* [What to do] Return each record verbatim, images excluded.

Dataset records Block Start

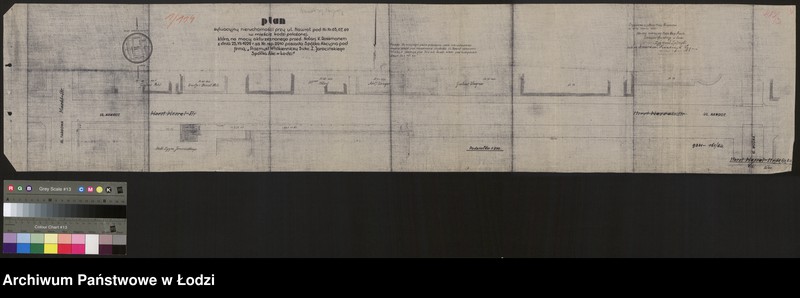 Obraz 1 z jednostki "Plan sytuacyjny nieruchomości przy ulicy Nawrot pod numerami 65, 67, 69 w mieście Łodzi położonej, która na mocy aktu zeznanego przez notariuszem Kazimierzem Rossmanem z dnia 25 VII 1929 roku za numerem repertorium 2910 posiada spółka akcyjna pod firmą "Przemysł Włókienniczy Sukcesorowie Z. Jarocińskiego Spółka Akcyjna w Łodzi""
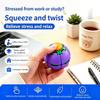 3D Push-and-Spin Stress Relief Ball, Press & Spin Dual Play Fidget Spinner, Transformable Kinetic Desk Toy, Portable Desk Fidget Toy for Office Adults, Perfect Birthday (Orange) view 3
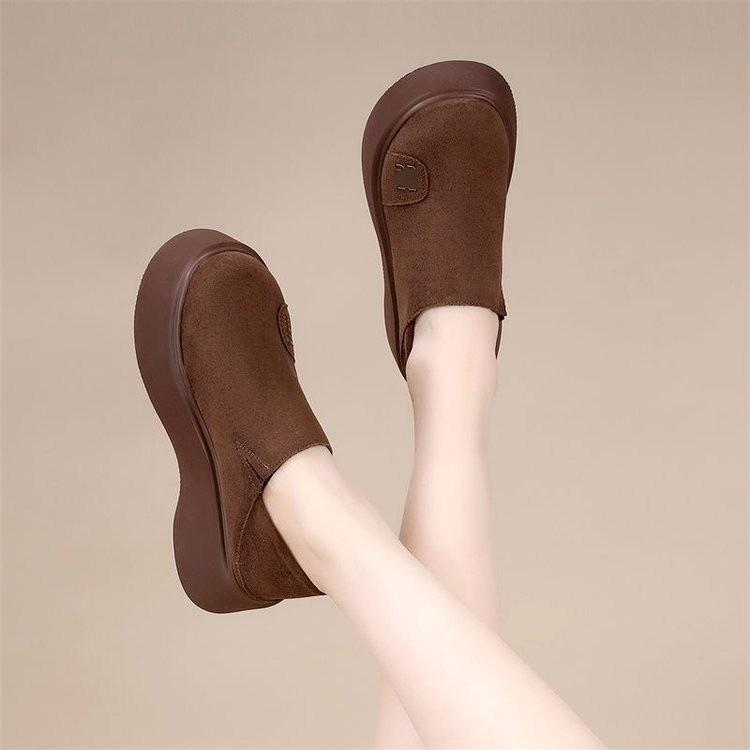 Ретро платформа Birkenstocks осенние новые маффин-шуз увеличенная подошва нескользящие туфли с круглым носом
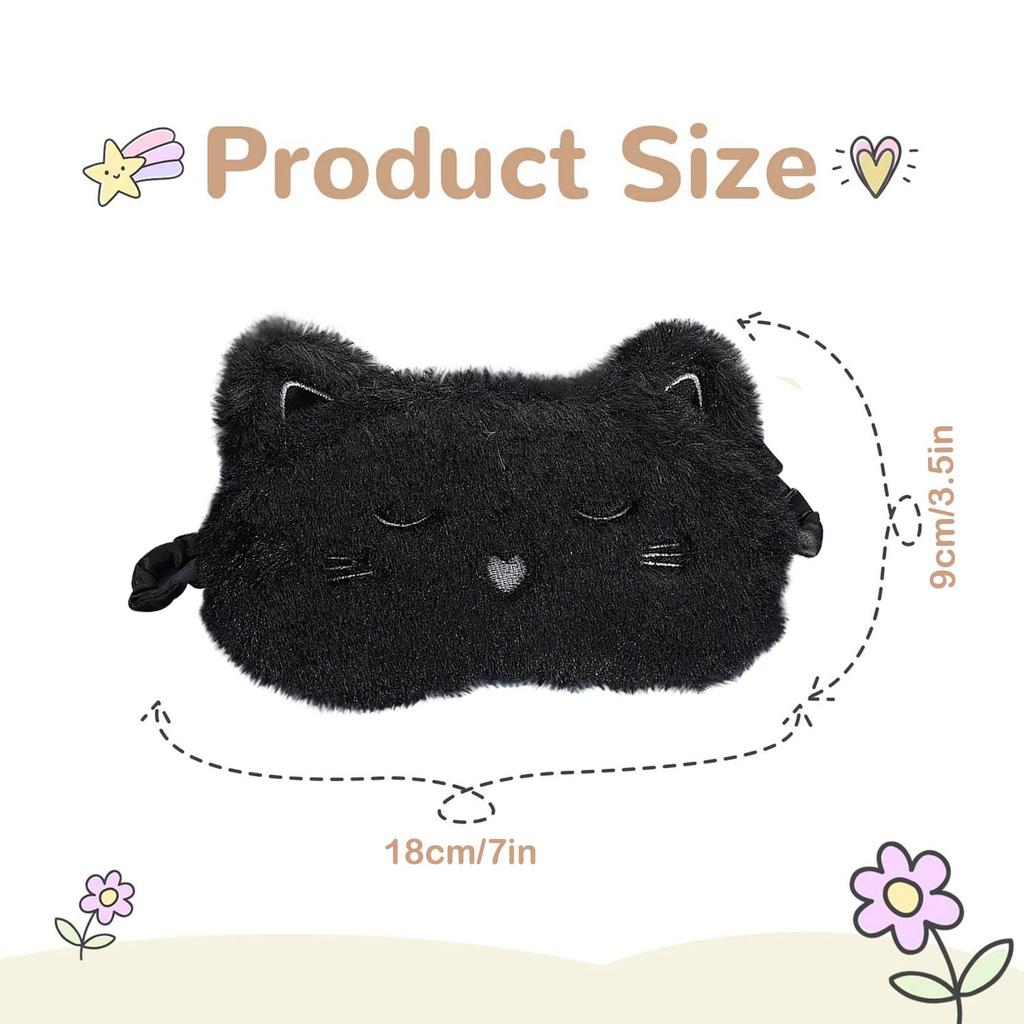 3D Cute Breathable Eye Mask Made from Natural Silk and Plush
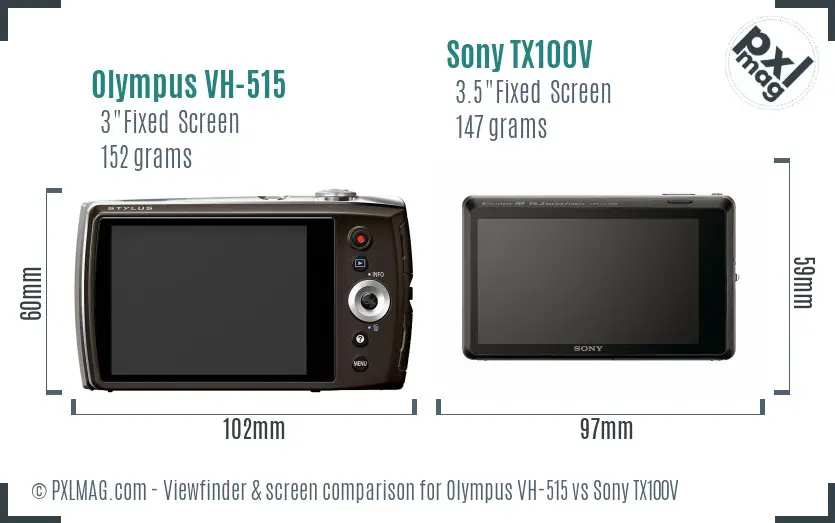 Olympus VH-515 vs Sony TX100V Screen and Viewfinder comparison
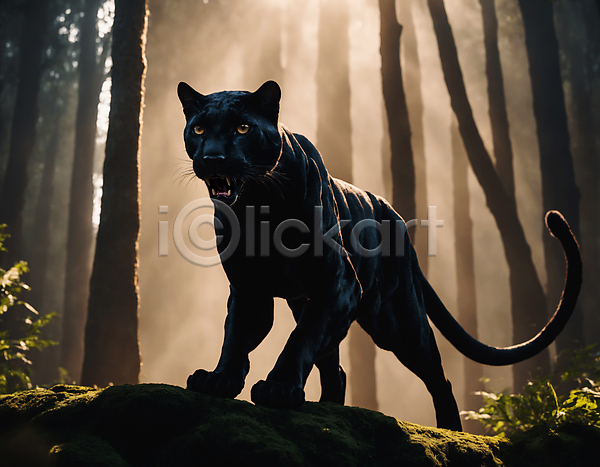 사람없음 JPG 디지털합성 편집이미지 검은색 동물 맹수 숲속 열대우림 외침 자연 포유류 한마리 햇빛 흑표범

Dataset records Block End

* [Completed task]
 Obraz 1 z jednostki "Plan sytuacyjny nieruchomości przy ulicy Nawrot pod numerami 65, 67, 69 w mieście Łodzi położonej, która na mocy aktu zeznanego przez notariuszem Kazimierzem Rossmanem z dnia 25 VII 1929 roku za numerem repertorium 2910 posiada spółka akcyjna pod firmą "Przemysł Włókienniczy Sukcesorowie Z. Jarocińskiego Spółka Akcyjna w Łodzi""
 3D Push-and-Spin Stress Relief Ball, Press & Spin Dual Play Fidget Spinner, Transformable Kinetic Desk Toy, Portable Desk Fidget Toy for Office Adults, Perfect Birthday (Orange) view 3
 Ретро платформа Birkenstocks осенние новые маффин-шуз увеличенная подошва нескользящие туфли с круглым носом
 3D Cute Breathable Eye Mask Made from Natural Silk and Plush
 Olympus VH-515 vs Sony TX100V Screen and Viewfinder comparison
 사람없음 JPG 디지털합성 편집이미지 검은색 동물 맹수 숲속 열대우림 외침 자연 포유류 한마리 햇빛 흑표범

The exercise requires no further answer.